Shortly before World War I, the Cubists began incorporating bits of their physical environment — printed images, text, and patterns — into their work to heighten its spatial paradoxes. So was born the medium of collage. Today, the tenets of Cubism hold no special sway for most artists, but the medium of collage thrives. Always intriguing for its invocations of materiality and process, collage also lends itself especially well to the discordant, composite narratives of much contemporary art. It fits naturally, moreover, with the current enthusiasm for multimedia work, photography-based techniques, and imagery derived from popular media.

Pavel Zoubok’s current exhibition offers an evocative slice of the history of collage — or, more precisely, two slices: “1968/2008: The Culture of Collage” pairs contemporary works with those produced in 1968 — the year many of us associate with assassinations, social unrest, and the daily body counts of an unpopular war. The last of these, of course, has particular relevance today, inviting a comparison of traumas past and present.

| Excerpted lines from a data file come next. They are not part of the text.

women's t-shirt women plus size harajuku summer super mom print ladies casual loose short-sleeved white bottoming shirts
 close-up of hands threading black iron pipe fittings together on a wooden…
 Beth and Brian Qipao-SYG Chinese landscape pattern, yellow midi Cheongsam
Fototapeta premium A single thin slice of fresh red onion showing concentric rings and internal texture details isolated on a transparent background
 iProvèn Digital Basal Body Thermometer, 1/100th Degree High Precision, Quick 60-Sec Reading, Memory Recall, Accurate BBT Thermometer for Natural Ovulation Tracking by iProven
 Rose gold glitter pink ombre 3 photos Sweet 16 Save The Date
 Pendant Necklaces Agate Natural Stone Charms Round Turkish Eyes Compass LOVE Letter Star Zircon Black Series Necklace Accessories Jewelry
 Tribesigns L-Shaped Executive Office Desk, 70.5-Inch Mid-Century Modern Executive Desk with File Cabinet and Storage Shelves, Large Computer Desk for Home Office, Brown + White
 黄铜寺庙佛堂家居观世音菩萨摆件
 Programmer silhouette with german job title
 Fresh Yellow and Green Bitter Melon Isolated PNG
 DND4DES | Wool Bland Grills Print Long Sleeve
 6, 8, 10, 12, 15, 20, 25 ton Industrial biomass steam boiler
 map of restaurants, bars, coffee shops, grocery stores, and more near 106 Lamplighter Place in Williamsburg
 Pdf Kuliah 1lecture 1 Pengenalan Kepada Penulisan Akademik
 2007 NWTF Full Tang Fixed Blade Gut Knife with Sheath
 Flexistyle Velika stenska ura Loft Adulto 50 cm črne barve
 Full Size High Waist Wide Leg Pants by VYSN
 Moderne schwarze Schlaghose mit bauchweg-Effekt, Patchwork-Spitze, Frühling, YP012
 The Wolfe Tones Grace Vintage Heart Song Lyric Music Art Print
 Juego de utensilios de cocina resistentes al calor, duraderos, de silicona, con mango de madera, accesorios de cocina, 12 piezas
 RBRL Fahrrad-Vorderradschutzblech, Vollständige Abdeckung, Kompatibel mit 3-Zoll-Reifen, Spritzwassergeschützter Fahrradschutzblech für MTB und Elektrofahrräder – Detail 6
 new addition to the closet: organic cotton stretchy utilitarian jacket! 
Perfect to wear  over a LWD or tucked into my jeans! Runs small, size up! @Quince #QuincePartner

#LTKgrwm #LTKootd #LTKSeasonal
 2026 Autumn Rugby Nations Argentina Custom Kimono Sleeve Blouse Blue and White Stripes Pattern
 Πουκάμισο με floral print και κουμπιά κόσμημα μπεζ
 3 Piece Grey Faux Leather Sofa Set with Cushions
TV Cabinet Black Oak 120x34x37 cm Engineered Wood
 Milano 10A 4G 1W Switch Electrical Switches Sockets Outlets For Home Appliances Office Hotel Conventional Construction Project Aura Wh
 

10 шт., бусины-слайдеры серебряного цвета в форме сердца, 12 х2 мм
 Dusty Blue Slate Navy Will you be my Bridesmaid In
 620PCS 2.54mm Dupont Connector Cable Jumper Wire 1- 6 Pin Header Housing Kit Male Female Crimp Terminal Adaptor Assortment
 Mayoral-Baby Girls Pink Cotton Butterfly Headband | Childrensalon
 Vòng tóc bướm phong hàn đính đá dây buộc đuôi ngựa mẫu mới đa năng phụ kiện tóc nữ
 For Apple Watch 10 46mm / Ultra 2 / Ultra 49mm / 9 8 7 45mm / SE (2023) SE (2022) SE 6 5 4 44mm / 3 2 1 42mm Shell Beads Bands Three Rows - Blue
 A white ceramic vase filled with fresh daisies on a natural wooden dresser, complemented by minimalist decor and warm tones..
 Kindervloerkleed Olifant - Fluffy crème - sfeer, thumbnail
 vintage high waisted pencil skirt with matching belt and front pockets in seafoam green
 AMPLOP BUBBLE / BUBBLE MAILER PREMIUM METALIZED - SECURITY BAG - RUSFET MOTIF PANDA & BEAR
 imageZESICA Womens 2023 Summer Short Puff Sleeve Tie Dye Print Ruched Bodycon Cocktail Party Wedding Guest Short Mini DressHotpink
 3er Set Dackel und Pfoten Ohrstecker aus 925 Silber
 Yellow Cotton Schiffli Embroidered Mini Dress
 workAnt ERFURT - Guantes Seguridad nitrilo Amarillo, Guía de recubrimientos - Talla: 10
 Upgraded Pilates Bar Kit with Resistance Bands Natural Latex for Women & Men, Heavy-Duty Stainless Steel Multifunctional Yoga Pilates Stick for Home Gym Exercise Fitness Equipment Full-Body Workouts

References to national politics, however, are surprisingly rare and subtle in the exhibition’s nearly 50 works. Only one piece refers specifically to war: Alice Attie’s newspaper collage “Requiem: Iraq” (2008), which depicts a woman in a head scarf, her arms folded in prayer or self-protection as a distant figure flees a conflagration. Ron Monroe’s mixed-media assemblage “RFK in 68” (1968) is poignantly topical in another fashion. Here the outline of a pistol shows through an issue of the Daily News blaring the headline “RFK DEAD”; below, a realistic portrait of the senator is partly occluded by fragments of cartoon-strip faces, as if smothered by press imagery. Salvatore Meo’s mixed-media assemblage “My America” (c. 1968) consists of a small box opening up to show two miniature American flags, one pristine and the other faded. Mark Wagner’s collage “Wading In It” (2008) wittily depicts George Washington in the shallow end of a swimming pool fabricated entirely out of bits of U.S. paper currency. These last two works, with their implications of social inequalities, could belong to either 1968 or 2008, suggesting that times (and artists) haven’t changed a great deal.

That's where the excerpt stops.